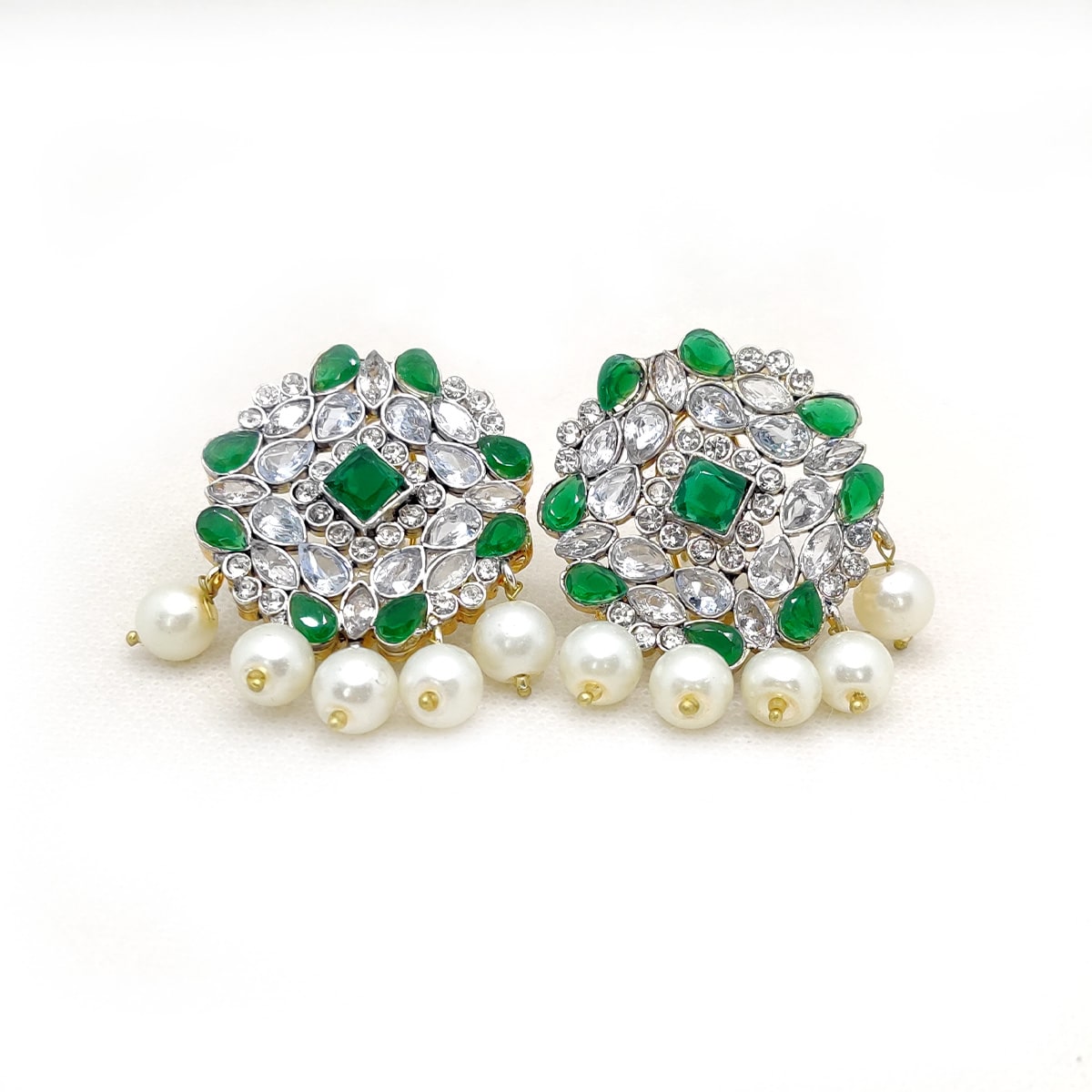 Dangle Pearls Stud Earrings β Handcrafted Traditional Studs with Crystal & Pearl Detailing | Ethnic Festive Jewelry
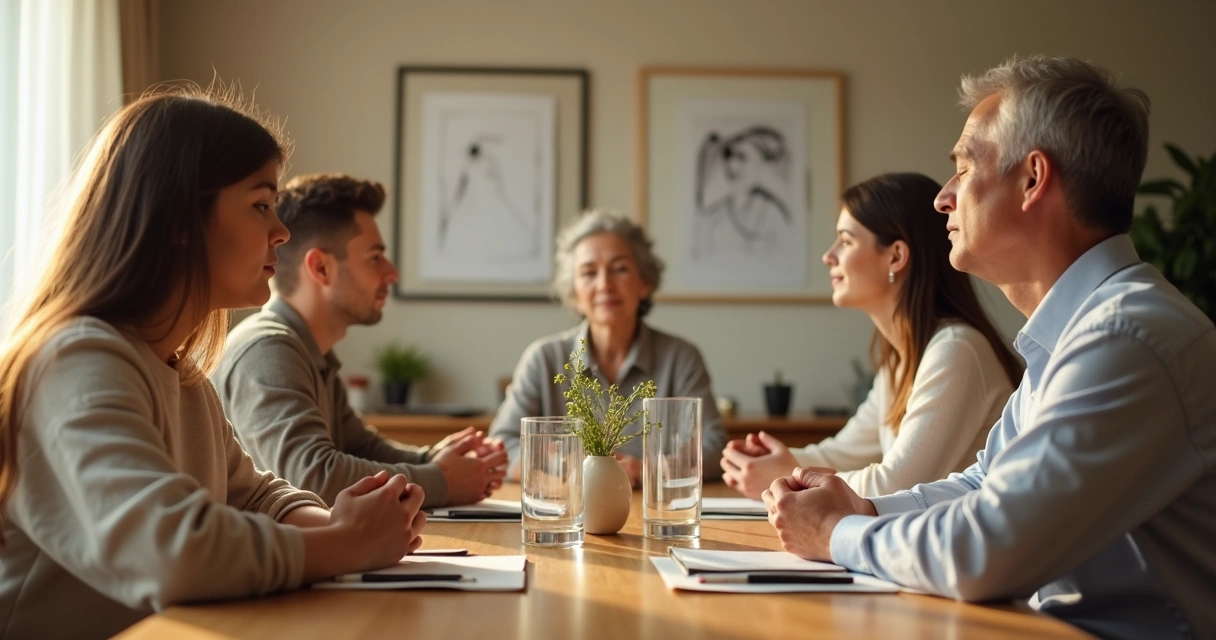 Familia sentada alrededor de una mesa haciendo una breve pausa de respiración conjunta 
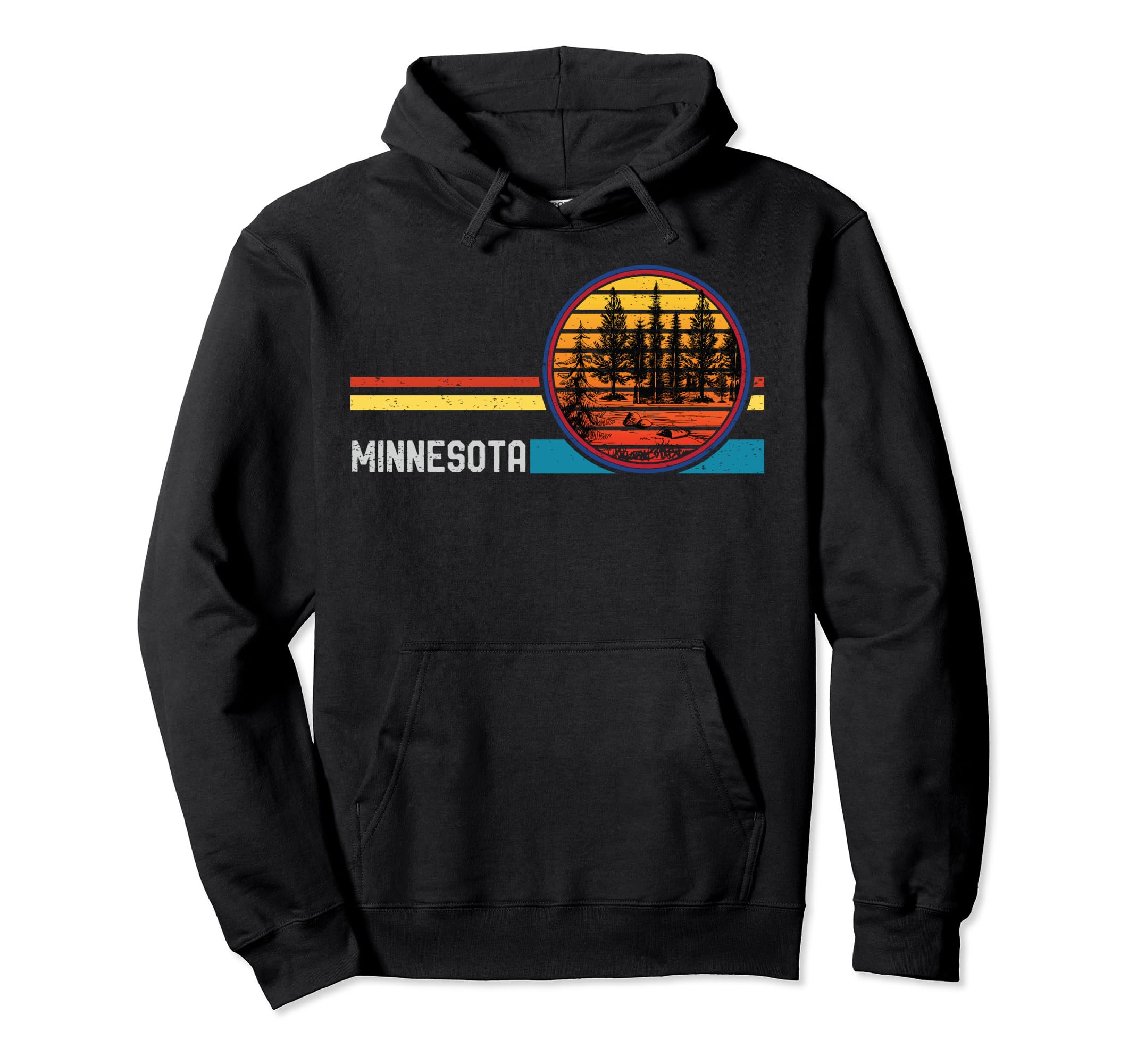 Retro Vintage Minnesota Mn 80s Lake Forest Mountain Sunset Pullover Hoodie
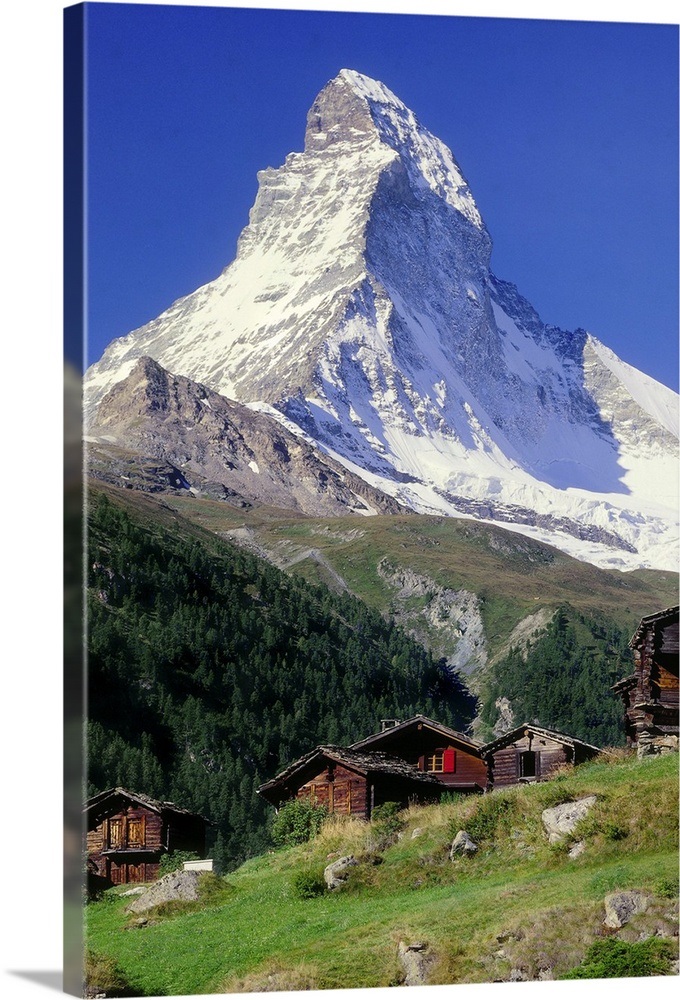 Switzerland, Zermatt, Matterhorn and Winkelmatten village Wall Art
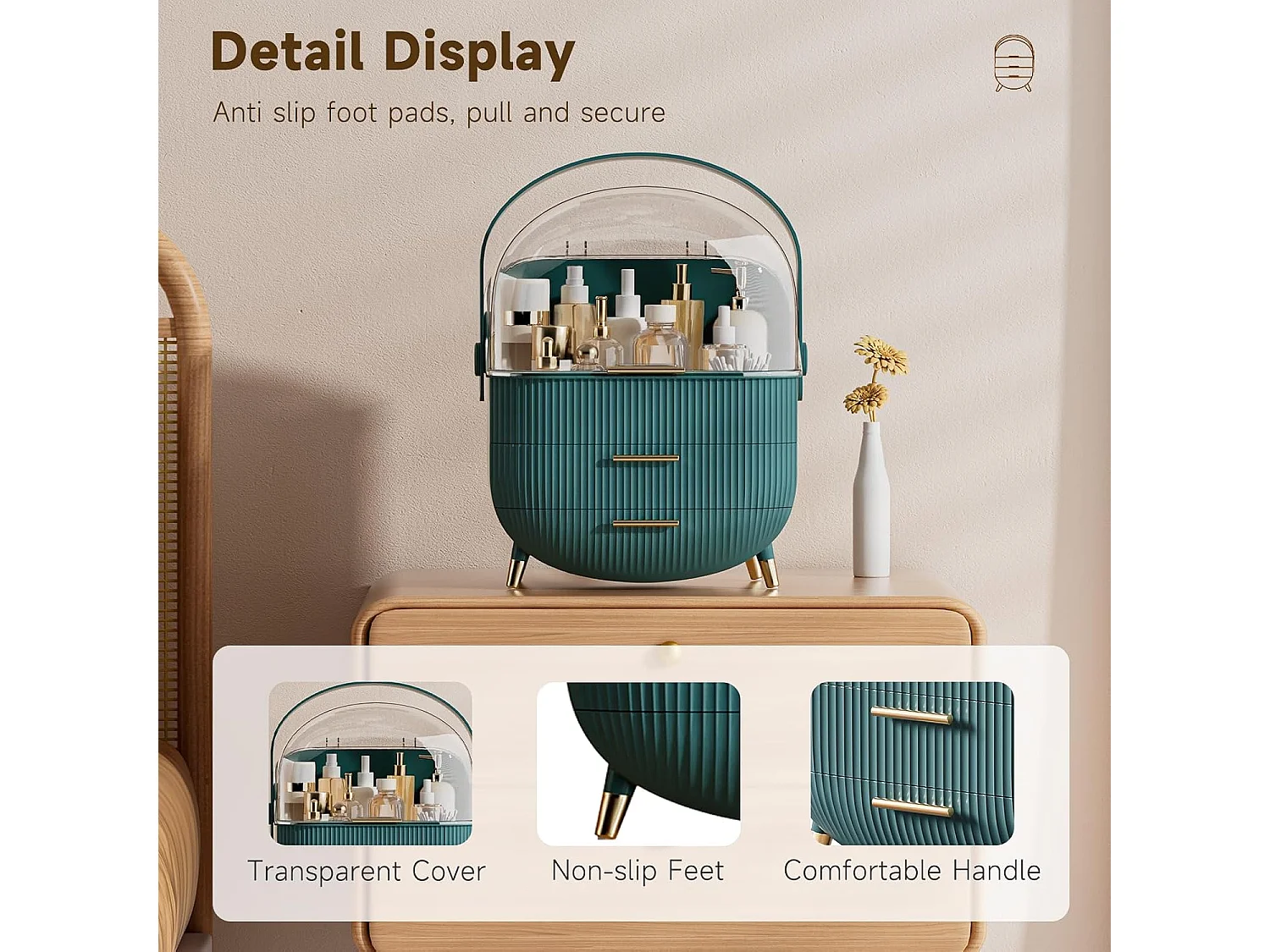 ZMH Boîte de rangement de bureau à tiroirs multiples boîte de rangement cosmétique vert foncé 25 x 18,5 x 37 cm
────────────────────────────────────────
*Work instruction:*
Reproduce, exactly and without pictures, the lines above from the one containing "Switzerland, Zermatt, Matterhorn" through the last line of the material, both ends included, and nothing more.

*Answer to the problem:*
 Switzerland, Zermatt, Matterhorn and Winkelmatten village Wall Art
 ZMH Boîte de rangement de bureau à tiroirs multiples boîte de rangement cosmétique vert foncé 25 x 18,5 x 37 cm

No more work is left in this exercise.